Many physiologically important proteins are synthesized as large inactive polypeptides. Activation commonly occurs by limited proteolytic cleavage at mono-, di or oligobasic residues, a reaction catalyzed by members of the
kex2/subtilisin-like proprotein convertase family (kexins) of serine endoproteinases. In vertebrates at least seven different family members have been identified and include furin, PC1/3, PC2, PC4, PC5/6, PC7 and PACE4. The combined efforts of ourselves, the genome sequencing consortium and the laboratory of Ian Dickerson (University of Miami School of Medicine), have identified four C. elegans kexin family members including
bli-4, Celfurin, CelPC2 and F32A7.6. We are interested in determining the developmental role of each of the kexins, and their substrate specificity. Originally we had shown that
bli-4 encoded four gene products that arise via alternate splicing in which the first 12 exons are joined to different downstream exon(s). A comprehensive genomic comparison with the C. briggsae
bli-4 locus now suggests that the gene encodes at least nine isoforms. Molecular and genetic studies of
bli-4 mutants suggests that one role of the convertases is the processing of cuticle collagens during development. To further our understanding of how the convertase gene accomplishes this feat, we are using epitope-tagged transgenes that encode candidate substrate proproteins to examine their spatial and temporal cleavage pattern in wild-type animals and
bli-4 mutant strains. Candidate genes which may encode BLI-4 substrates include
bli-1,
bli-2 and dpy- 5, all of which encode cuticle collagens that contain the Arg-X-X-Arg kexin cleavage motif toward the N-terminus.

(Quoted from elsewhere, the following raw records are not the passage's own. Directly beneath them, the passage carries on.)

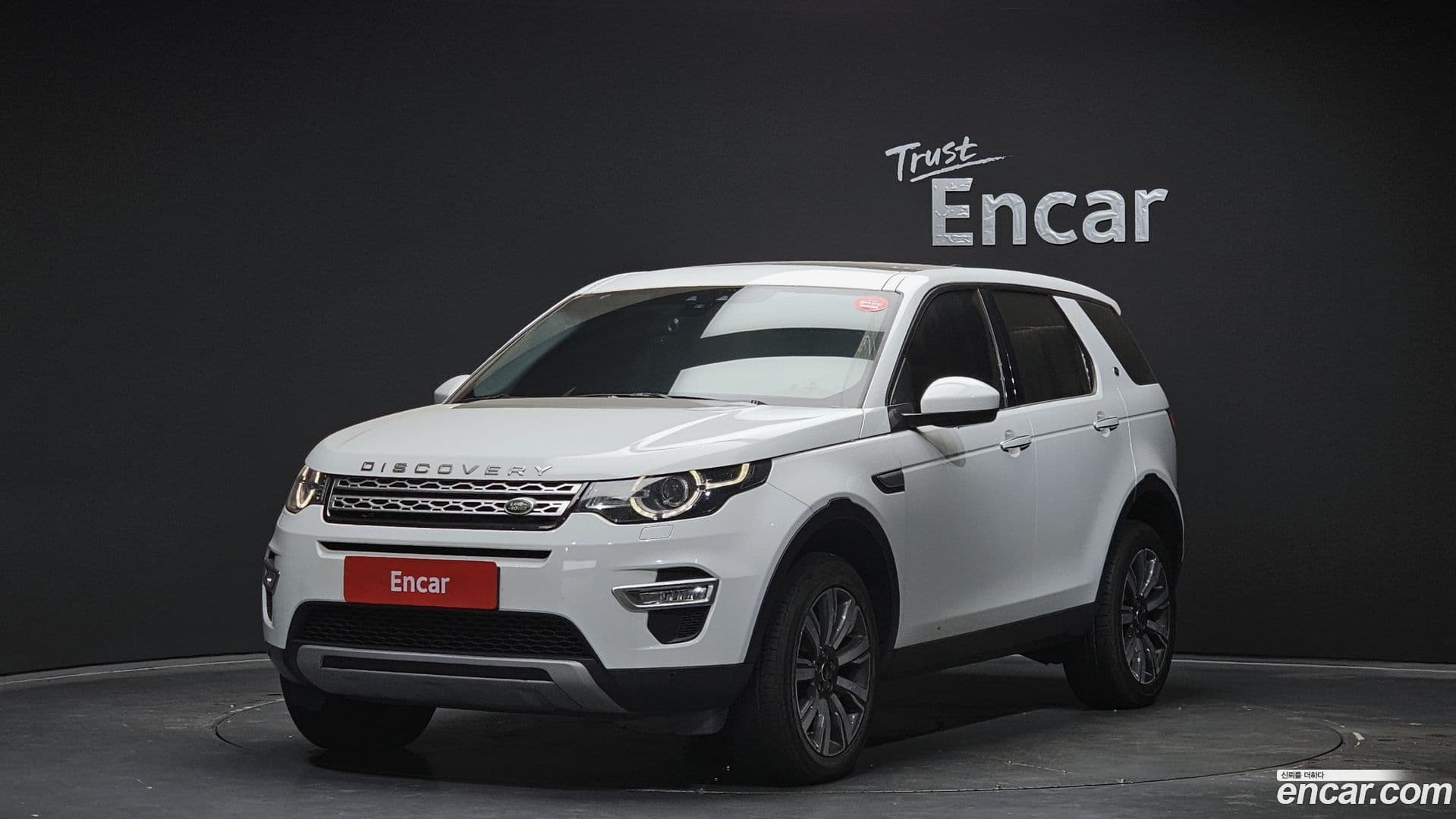 Main__Slider__Photo:Discovery Sport Land Rover 2019.0-0
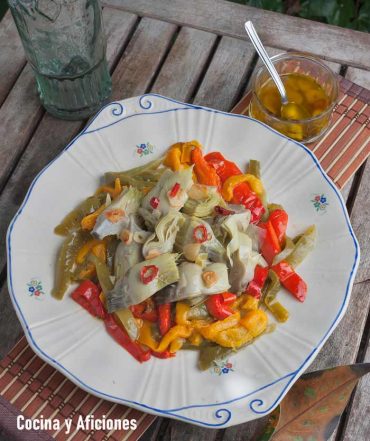 Ensalada de alcachofas y pimientos de colores asados, una ensalada colorida y deliciosa.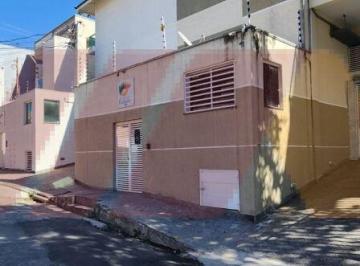 Casa · 100m² · 3 Quartos · 2 Vagas · Sobrado em condomínio fechado com 3 dormitórios, sendo 1 suíte e 2 vagas, na Vila Mazzei.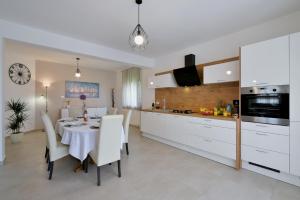Kuchyň nebo kuchyňský kout v ubytování House Vedran 1125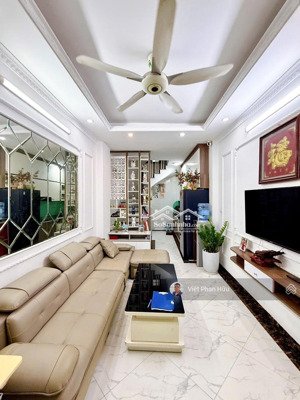 bán nhà đội cấn ba đình, tặng full nội thất, gần phố, 2 thoáng trước sau, ba gác đỗ cửa, 38m2*5t.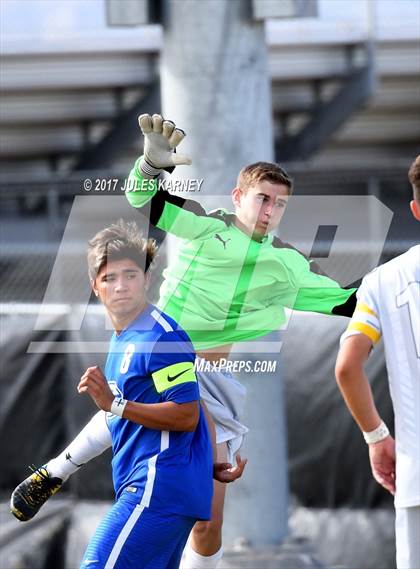 Thumbnail 3 in Desert Oasis vs Bishop Gorman photogallery.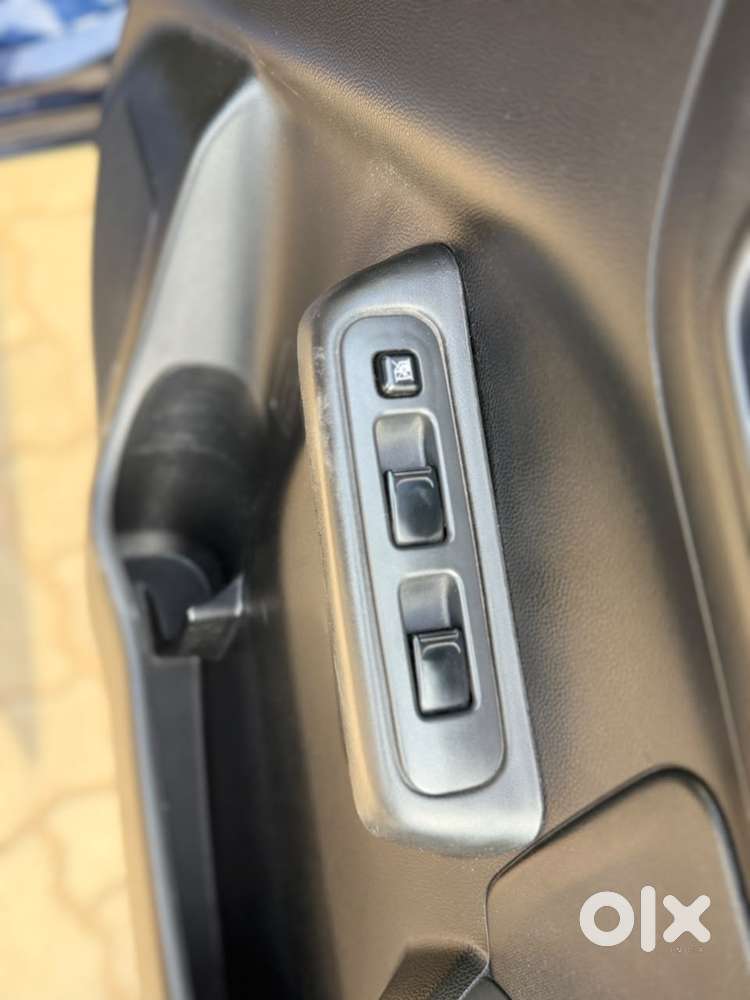 Maruti Suzuki Swift Lxi Option, 2021, Petrol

dpy-5 mutations dominantly suppress blistering of the adult cuticle suggesting that DPY-5 may be involved in a complex interaction with BLI-1 and BLI-2, both of which localize within the cuticular structures called struts which are defective in blistered animals (J. Kramer pers. comm). F32A7.6 is expressed as part of an operon with
unc-54 suggesting that the role of this convertase is restricted to muscle tissue. The kexin is trans-spliced to SL2 consistent with it being the downstream gene in the operon. We recently isolated a deletion mutant,
h1557, which removes exons 6 to 10 of
unc-54 and the first exon of the kexin gene. Subsequently, the Unc-54 mutant phenotype was rescued using a transgene (kindly provided by A. Fire). The resulting transgenic animals were thin, slow growing, weak Egl and severely constipated. The constipated phenotype prompted us to examine whether the
unc-54-linked defecation mutant
aex-5 and F32A7.6 were the same gene. To this end, we found that
h1557 failed to complement
aex-5(
sa23). Furthermore, sequence analysis of the kexin gene from
aex-5(
sa23) homozygotes identified a missense mutation (Cys510Trp), providing further evidence that F32A7.6 is
aex-5. Together, this data suggests that proprotein convertase activity is required for defecation. This work was supported by a grant from the MRC of Canada.